Integrations

Hooks

You can register event hooks that run before and after DAGs and tasks execute. Event hooks should take four positional arguments like this:

def my_hook(event: bases.Event, dag: bases.DAG, task: bases.Task = None, exc: Exception = None):
    <do something>

DAGS.register_hook(my_hook)

Slack hook

There is a convenience method for making a Slack task-failure event notification. It accepts two arguments: the webhook URL to use and a message to send, which can include three format string variables dag, task, exception which will be subsituted in the message:

from workflows import dags, hooks

DAGS = dags.register_directory('dags')
DAGS.register_hook(hooks.make_slack_notification_hook(
    os.environ['SLACK_WEBHOOK'], "Task {dag}:{task} failed with exception: {exception}. "
    f"Go to {os.environ['APP_DASHBOARD']} to see the full log output."
))

Executors

There are multiple ways to deploy workflows on your system. This section covers deployments that do not use the workflows scheduler and therefore require no external database.

To use the workflows scheduler see Scheduler.

Local

Workflows comes with a local, command line executor which runs the tasks in a sequence based on the DAG dependency graph. If a task fails the entire execution will stop, even if other tasks can run that don’t depend on that task. This is the workflows <config> run <dag> command we have been using in the examples. The local executor can be triggered by cron or another system.

Airflow

Workflows can be integrated with Airflow by creating Airflow tasks for each workflows task. The below example make the tasks dynamically inside an Airflow DAG file:

import datetime

import airflow
import airflow.operators.python
from workflows.executor import execute_dag, get_sorted_tasks

from example_project import config

dag = airflow.DAG(
    'trader_bot',
    start_date=datetime.datetime(2021, 1, 1),
    catchup=False
)
workflow = config.DAGS['trader_bot']

for task in get_sorted_tasks(workflow.graph):
    operator = airflow.operators.python.PythonOperator(
        task_id=task.name,
        dag=dag,
        python_callable=execute_dag,
        op_kwargs={
            "dag": workflow,
            "start": task.name,
            "end": task.name
        }
    )
    for upstream in task.inputs:
        if ":" in upstream:
            continue  # belongs to a different DAG
        operator.set_upstream(dag.task_dict[upstream])

Kubernetes

For a lightweight integration with Kubernetes, you can run a DAG using a Job or CronJob resource:

apiVersion: batch/v1beta1
kind: CronJob
metadata:
  name: my-workflow
spec:
  schedule: '30 8 * * *'
  jobTemplate:
    spec:
      template:
        spec:
          containers:
          - name: app
            image: your_image
            tag: latest
            command:
            - workflows
            - your_project.config
            - run
            - your_dag

There is also a Kubernetes scheduler implementation which creates Kubernetes Pods for each task, allowing them to run in parallel. See see Scheduler.

Django

Workflows can be used with database libraries such as SQLAlchemy and the Django ORM. These libraries can simplify database operations but they are not required.

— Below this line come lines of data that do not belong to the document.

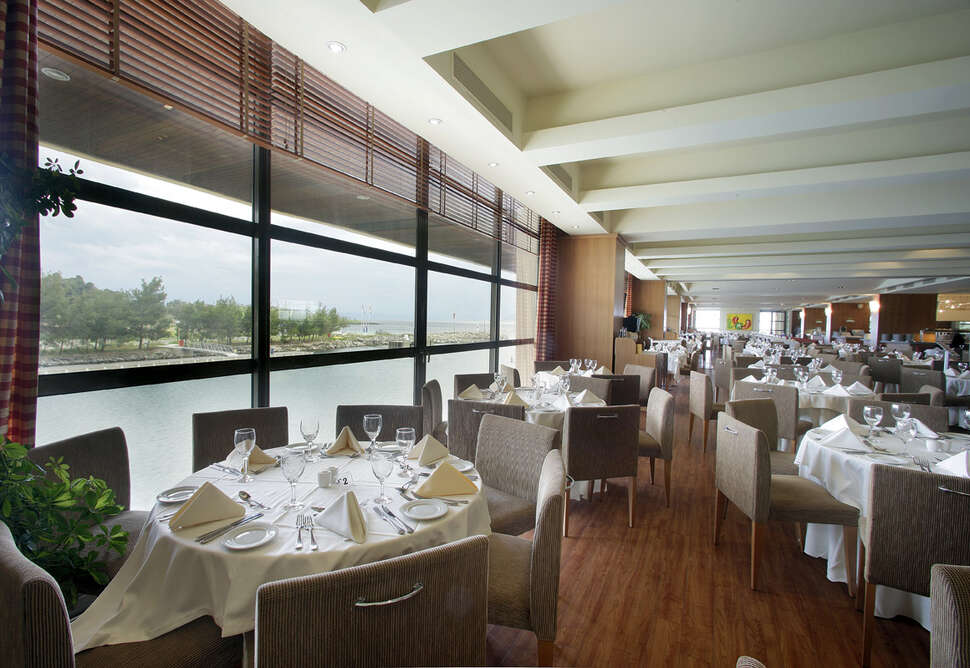 Een foto van Porto Carras Meliton Hotel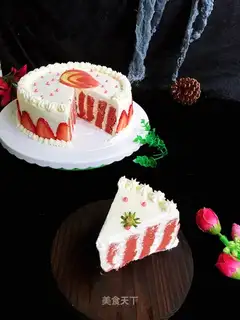 Swing cake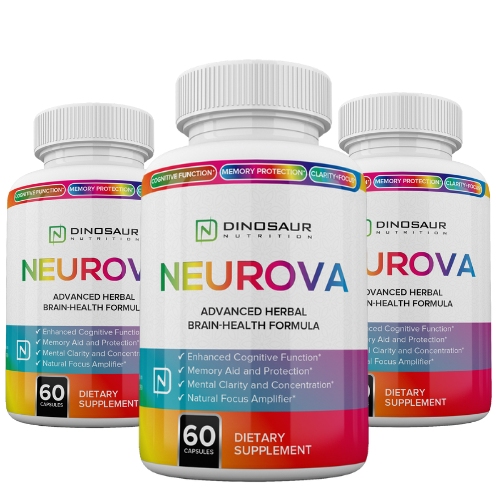 Neurova - Nootropic Brain Enhancement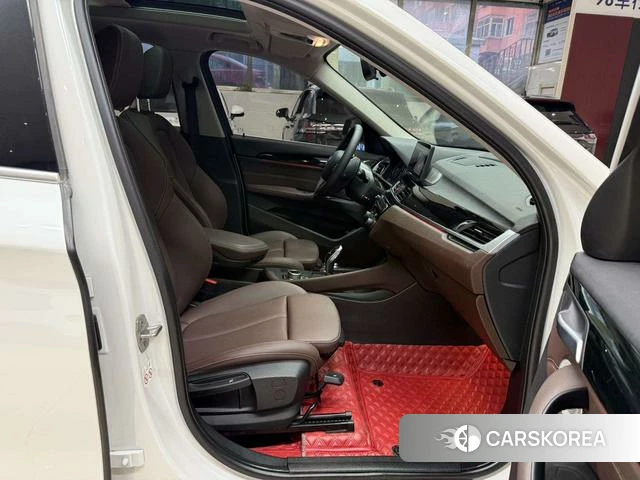 BMW X1 id 4276778 из Китая 14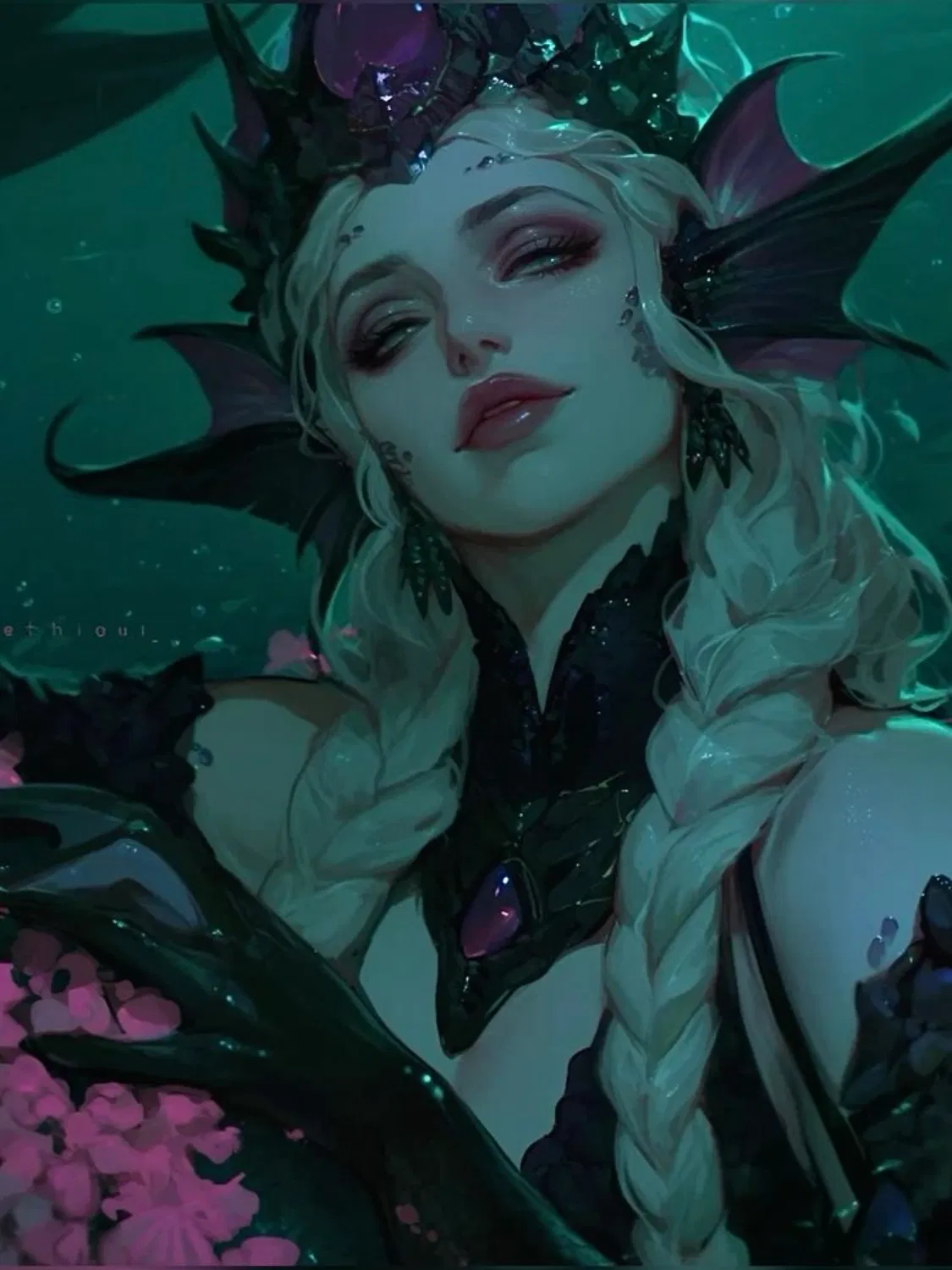 Avatar of Naelia Mor’Aelis | Queen of Atlantis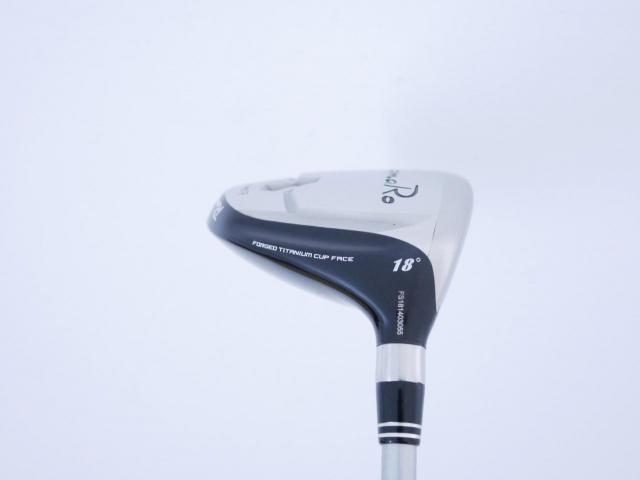 Fairway Wood : Other Brand : หัวไม้ 5 Romaro Ray Type R Loft 18 ก้าน Fujikura Air Speeder Plus (อ่อนเหมือน R2)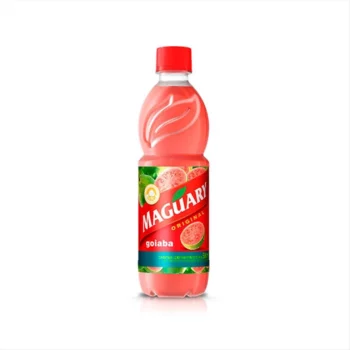 Suco Concentrado Goiaba Maguary Garrafa 500ml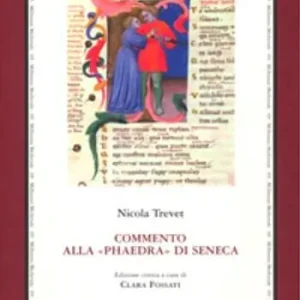 Ordina Subito Commento alla «Phaedra» di Seneca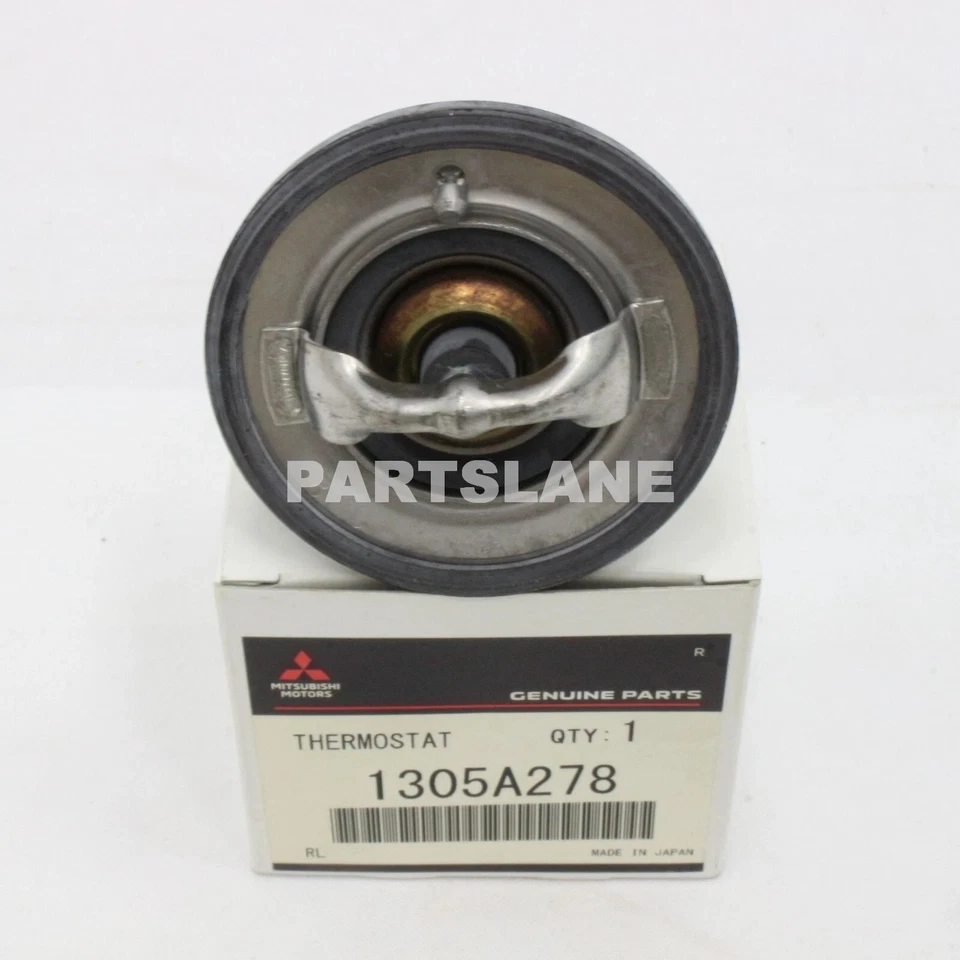 Termostato refrigerante motor Mitsubishi Eclipse Galant 2011-2012 OEM 1305A278 Foto 1 de 1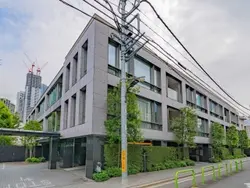 【東京都/港区六本木】プラウド六本木 外観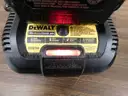3 Dewalt Batteries & Charger - A12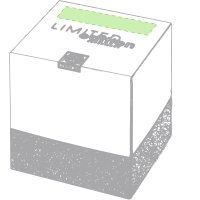 Area marcaje En la tapa de la caja de presentación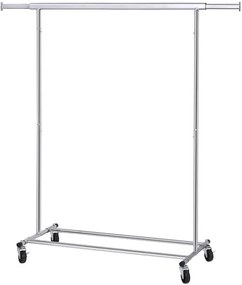 Vešiakový stojan na kolieskach HSR13S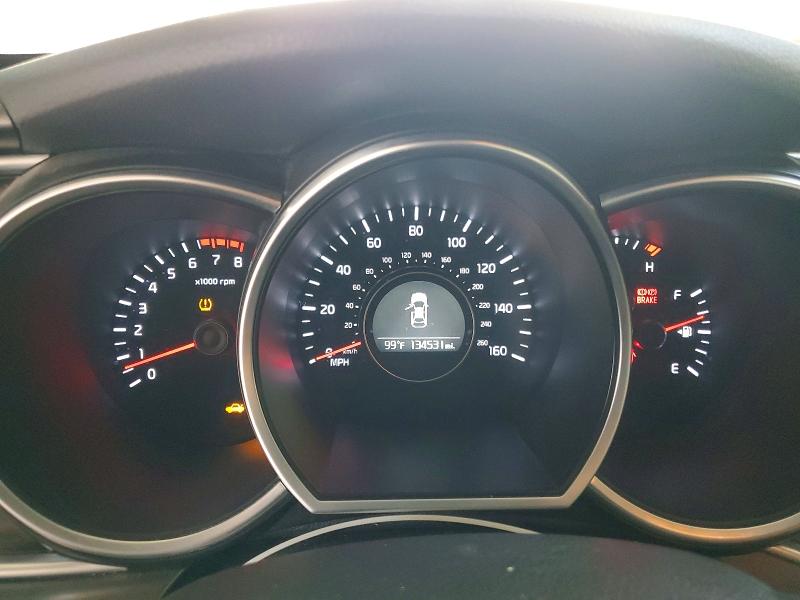 Photo 9 from auction – 2014 KIA OPTIMA with VIN KNAGM4A74E5518822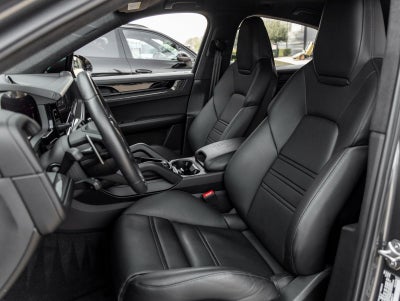 2025 Porsche Cayenne Cayenne Turbo GT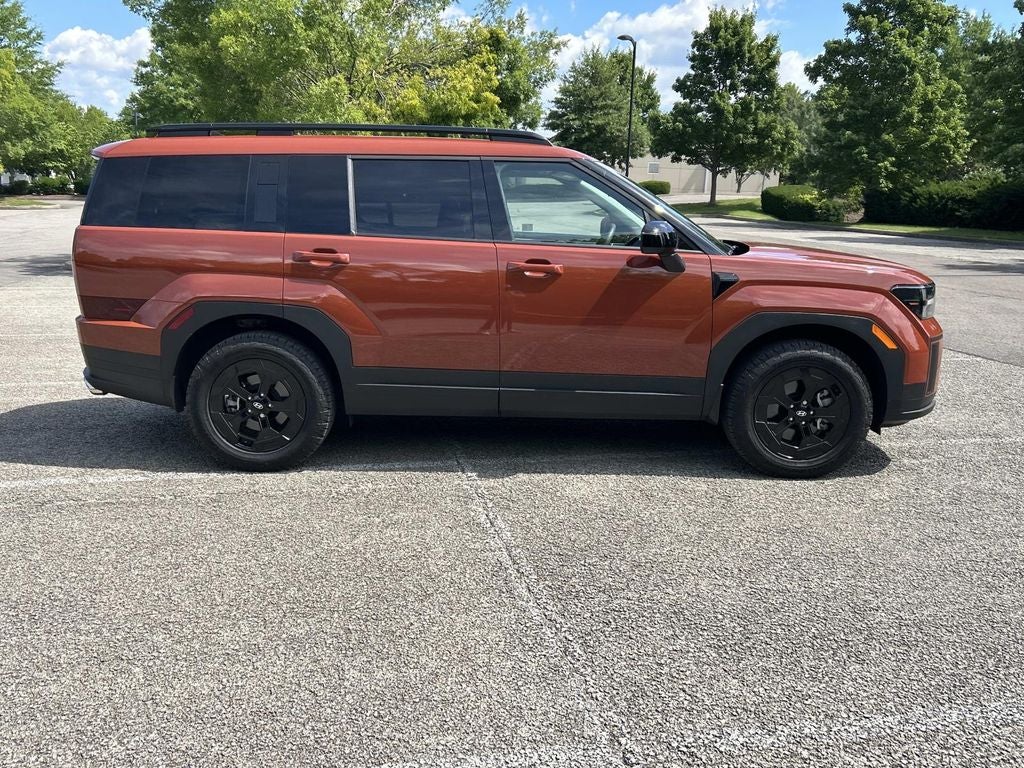 2025 Hyundai Santa Fe XRT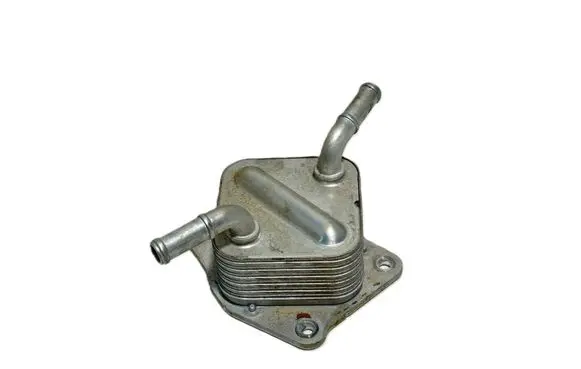 Nissan Qashqai J12 Engine oil radiator 213056UA0A 33569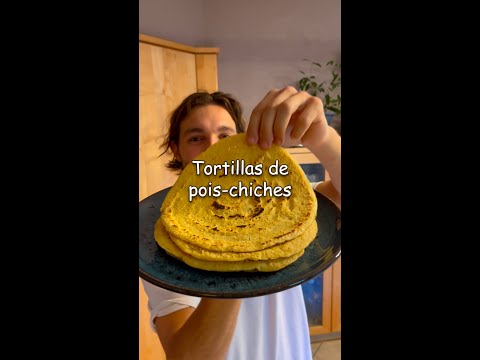 Vidéo: Les tortillas ortega sont-elles végétaliennes ?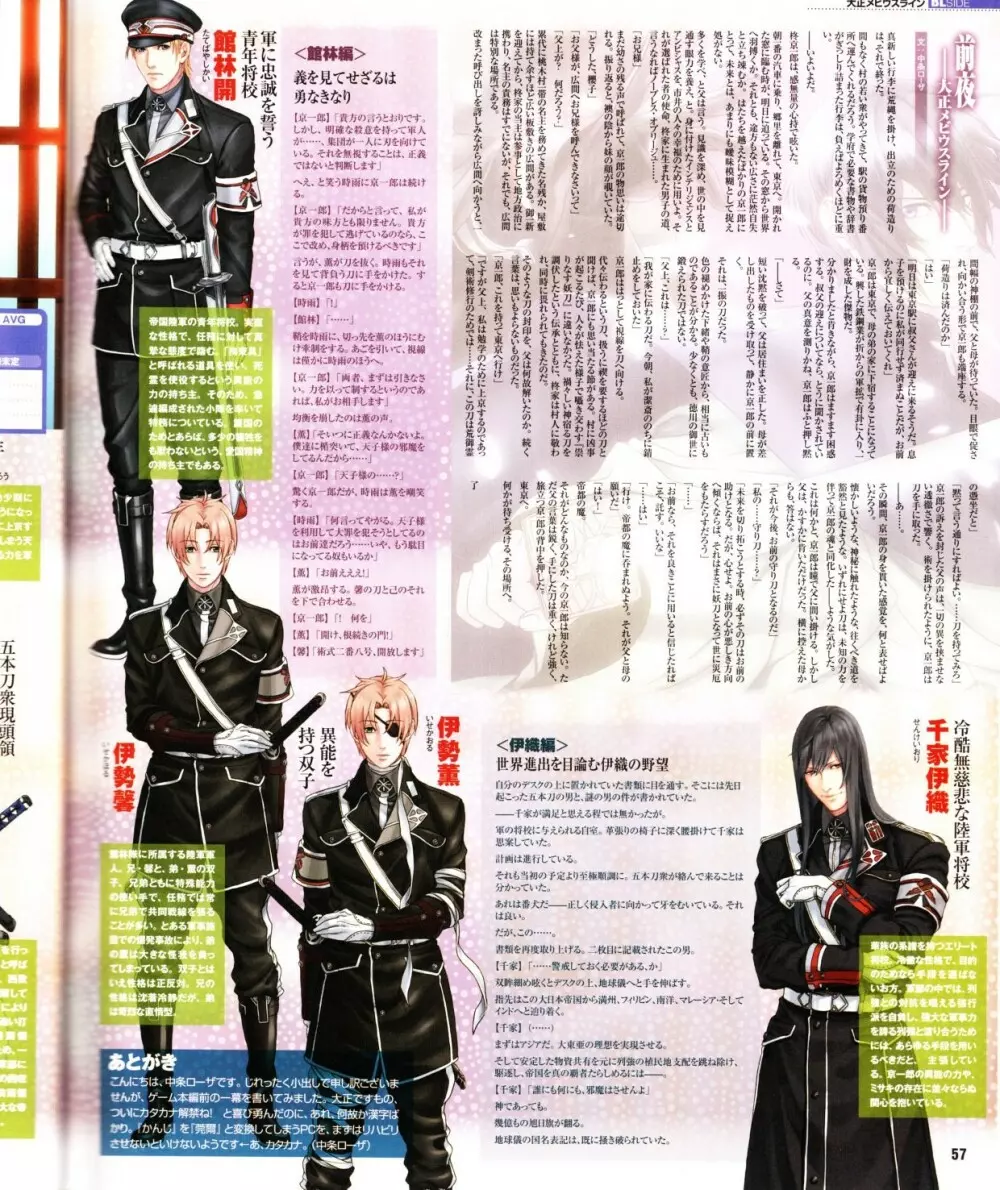 Cool-B Vol.28 2009年11月号 Page.58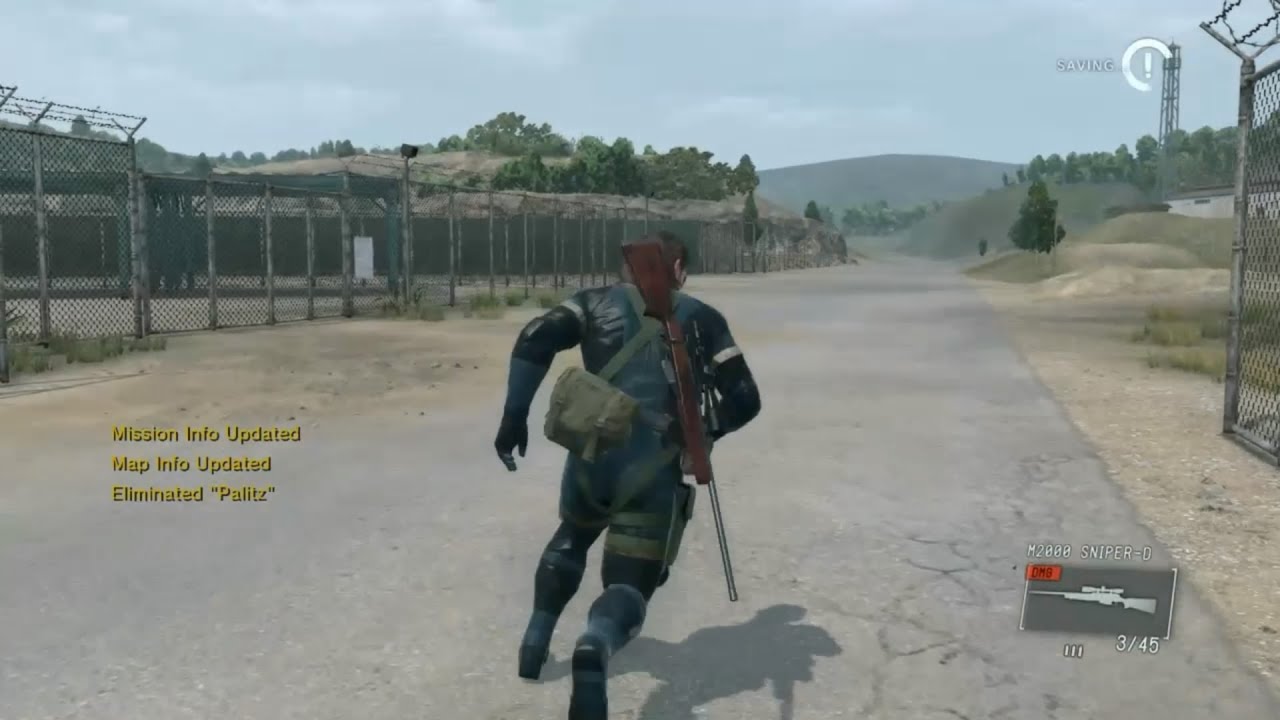 MGSV GZ's - Eliminate The Renegade Threat (Glaz & Palitz Executed/POW's Extracted) S Rank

The workflows scheduler uses Django models internally but Django is not installed unless you request the scheduler add-on. To use Django in your tasks, you should run the Django setup in the config.py file before the individual task files are loaded like this:

import os, django

os.environ.setdefault("DJANGO_SETTINGS_MODULE", "my_app.settings")
django.setup()

Then, import and use your models in your Python task files.